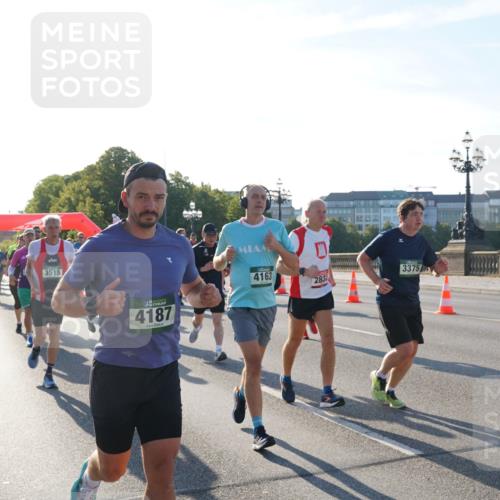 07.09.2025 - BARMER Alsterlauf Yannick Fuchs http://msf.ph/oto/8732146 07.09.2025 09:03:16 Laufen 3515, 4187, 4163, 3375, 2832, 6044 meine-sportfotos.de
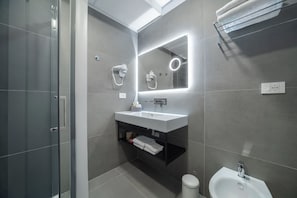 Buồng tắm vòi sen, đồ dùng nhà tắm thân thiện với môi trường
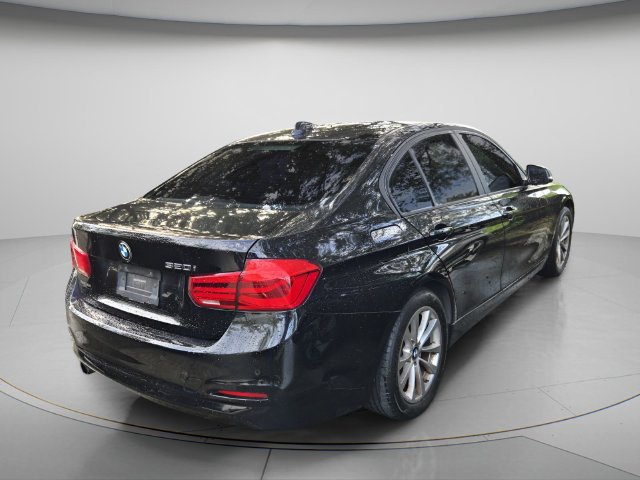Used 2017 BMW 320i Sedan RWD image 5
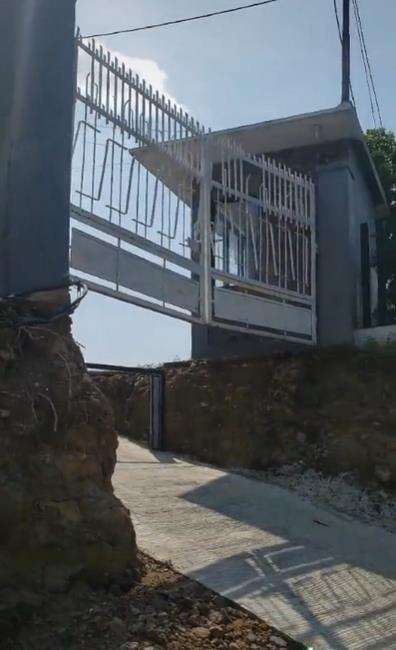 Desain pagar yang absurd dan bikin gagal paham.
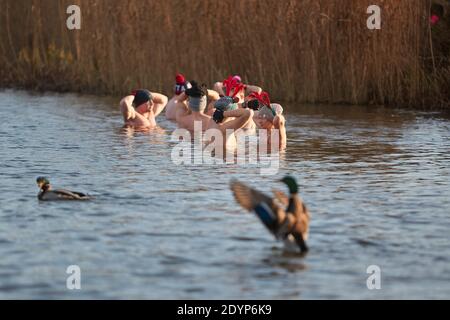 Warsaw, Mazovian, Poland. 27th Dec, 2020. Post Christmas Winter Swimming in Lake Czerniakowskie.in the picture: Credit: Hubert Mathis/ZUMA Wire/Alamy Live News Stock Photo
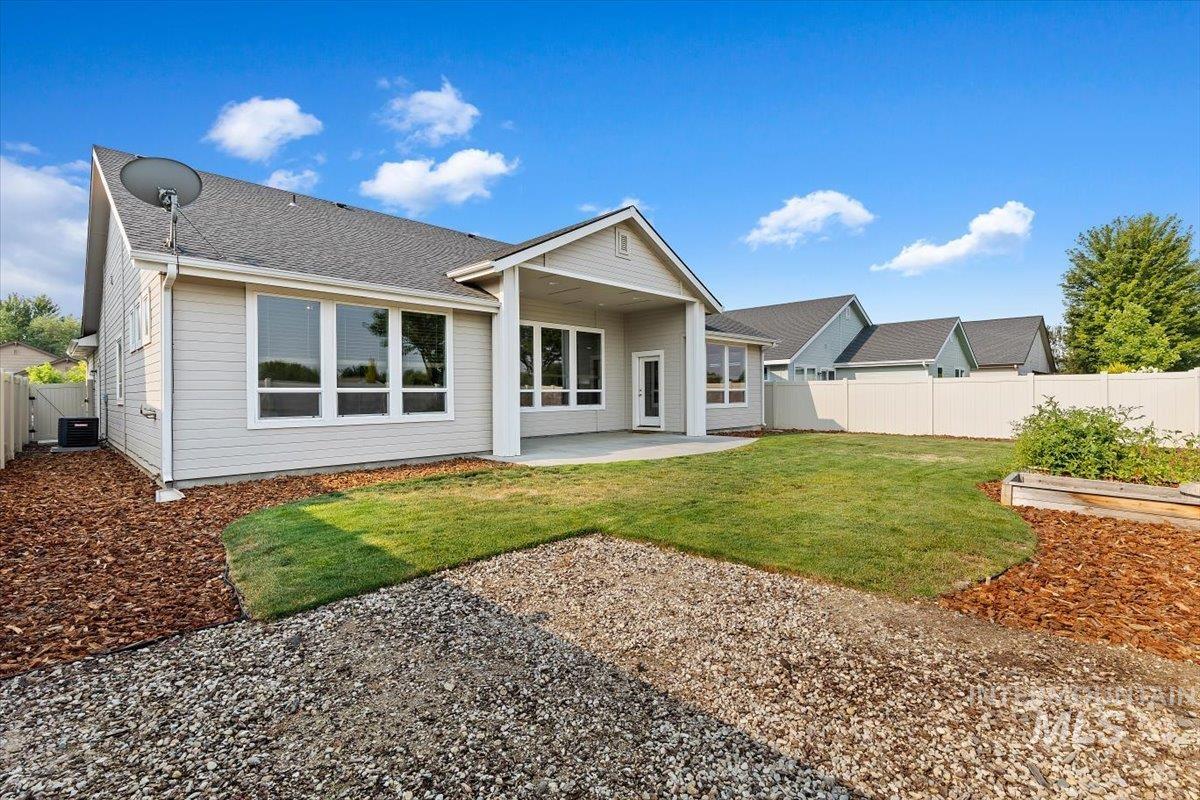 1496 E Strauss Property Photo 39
·····
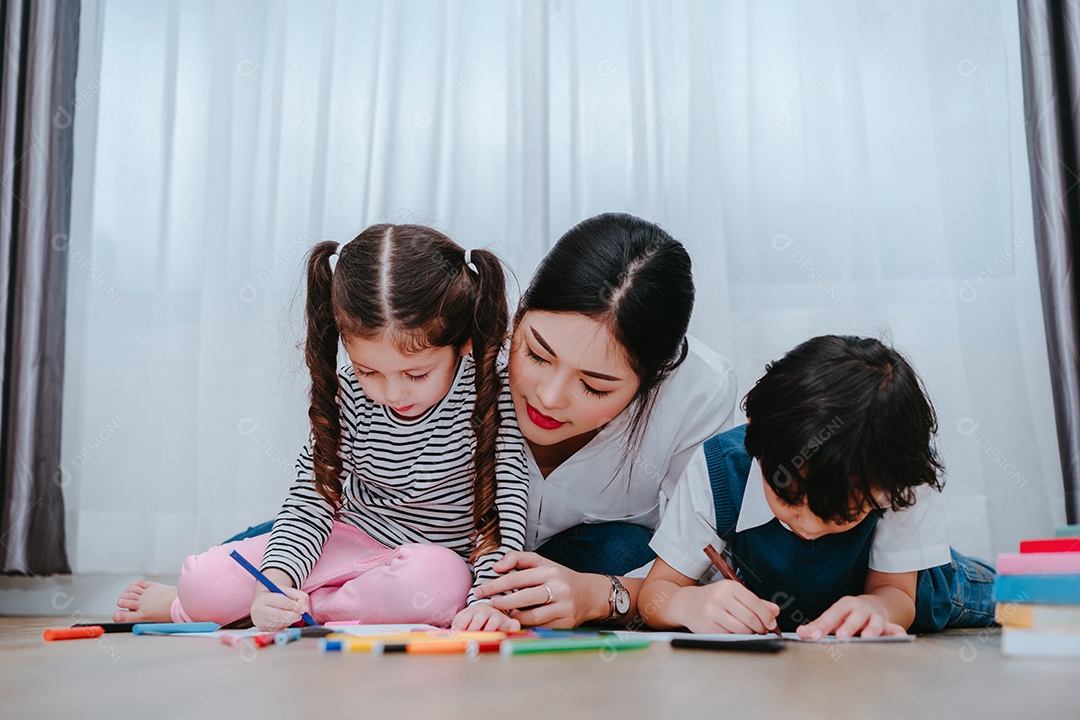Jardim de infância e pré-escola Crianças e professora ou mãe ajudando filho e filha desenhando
·····
Assignment.
Could you repeat, exactly, only the lines above starting at the one that has "07.09.2025 - BARMER" and stopping after the one that has "Desain pagar yang", without the pictures?

Written solution.
 07.09.2025 - BARMER Alsterlauf Yannick Fuchs http://msf.ph/oto/8732146 07.09.2025 09:03:16 Laufen 3515, 4187, 4163, 3375, 2832, 6044 meine-sportfotos.de
 Buồng tắm vòi sen, đồ dùng nhà tắm thân thiện với môi trường
Used 2017 BMW 320i Sedan RWD image 5
 Desain pagar yang absurd dan bikin gagal paham.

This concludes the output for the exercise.